Introduction
Welcome to the website for indie fantasy writer W. Brondt Kamffer. I am glad you have taken a few moments out of your busy day to read the ramblings of a complete stranger (or your older brother, as it were).
Hopefully this blog (snobbishly titled a Journal) will be more consistent than some out there in the world, and certainly more consistent than my own pathetic attempts in the past at keeping one going. In the hopes of not disappointing, I shall begin by aiming low, and therefore I can rejoice whenever I exceed expectations! For starters, I am going to pledge to a weekly update. More would be great for all interested, but I think that anything less is just asking for people to ignore me.
Now, what is this all about? Obviously, this Journal will be a news feed for up and coming projects, publications, and…and…other things that are up and coming. Additionally, as I am an avid reader, I suppose I am perfectly within my rights to run my mouth here about books I am reading, what I like and don't like, and so on. Finally, should anyone out there take the time to review the books I write, I will be sure to post those here as well.

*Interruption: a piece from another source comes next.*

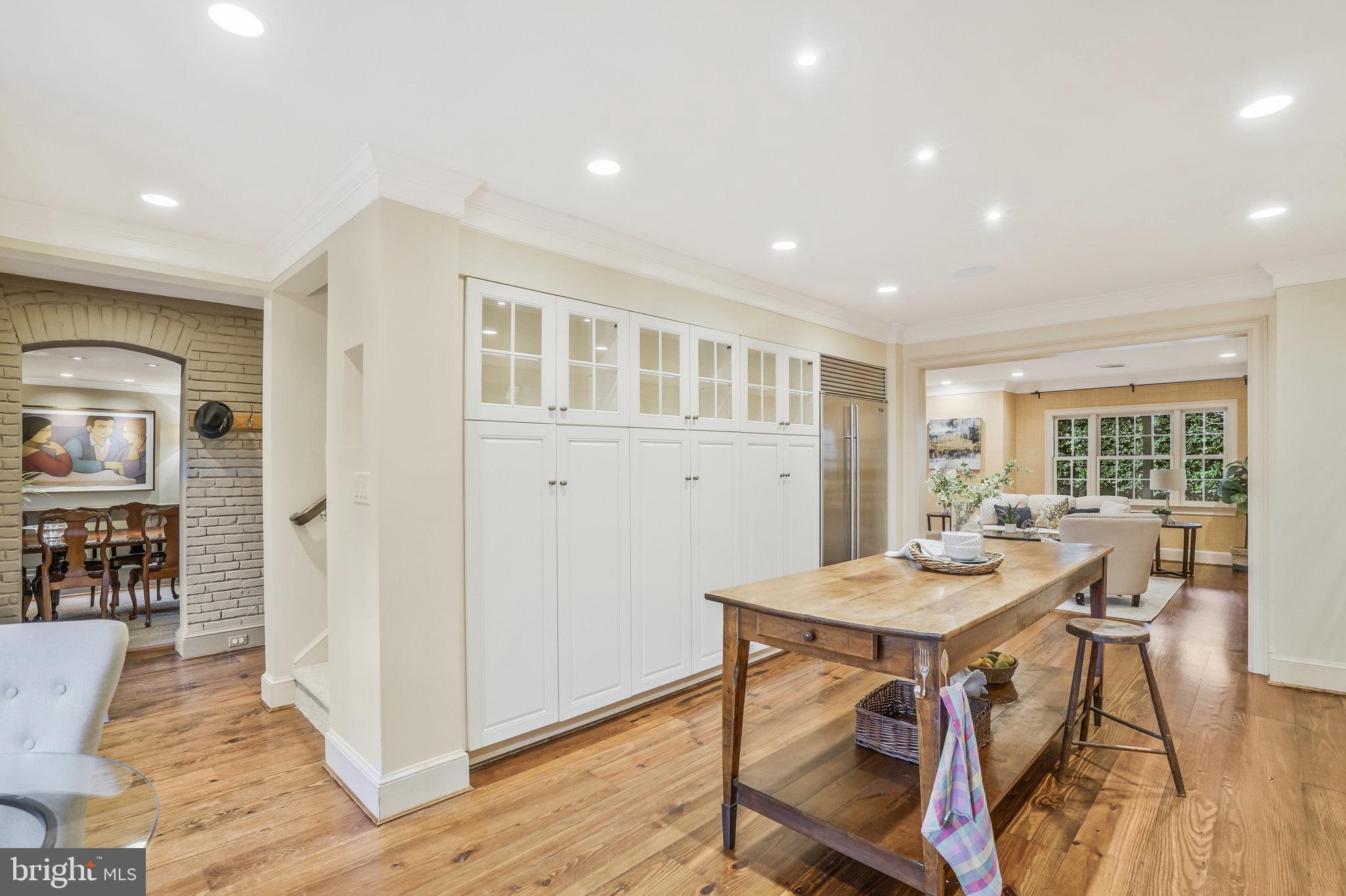 207 S FAIRFAX STREET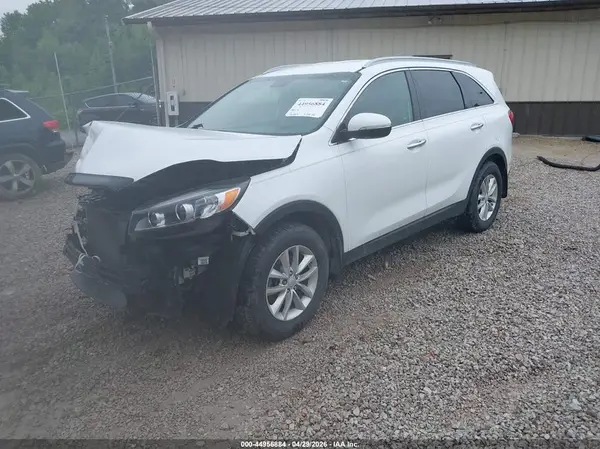 5XYPG4A36GG021353 2016 KIA SORENTO - Image 2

And that's that. Perhaps a brief introduction as to why I am publishing independently rather than going through one of the big New York houses is in order here:
I have been shopping The Wars of Gods and Men around for an agent for a few months now, and I have been getting nowhere. Agents are pretty unanimous in not quite being able to qualify its genre (apparently, people stopped combining "tragedy" with "comedy" shortly after Shakespeare died). Whether this is just a rouse on the part of agents (everyone e-pulishing these days seems to have been labeled "unclassifiable" at some time or another) or testimony to my poor summation skills in a query letter, I am not sure.
I have read a lot on various websites, Joe Konrath's blog most notably (but others too with more modest success), about the burgeoning e-book market, and I decided that at the end of the day, it makes sense to go with the way of the future rather than continue to cling to the hopes of being published traditionally. My stepdad has a wonderful saying, which I will share here: "Never plan your life by someone else's efficiency." In short, if an agent called me today and said, "Let's see the manuscript," and assuming everything was smooth sailing from that point on, it would still take about two years before the book hit store shelves. While that is the way the old system works, it's not particularly appealing for a prolific chap such as myself.
In short, the decision is not motivated out of any grudge against the "establishment," but rather by a desire to be read now, to sink or float by my own efforts and not by another's decisions, and to stop using the process as an excuse for not putting my novels out into the world.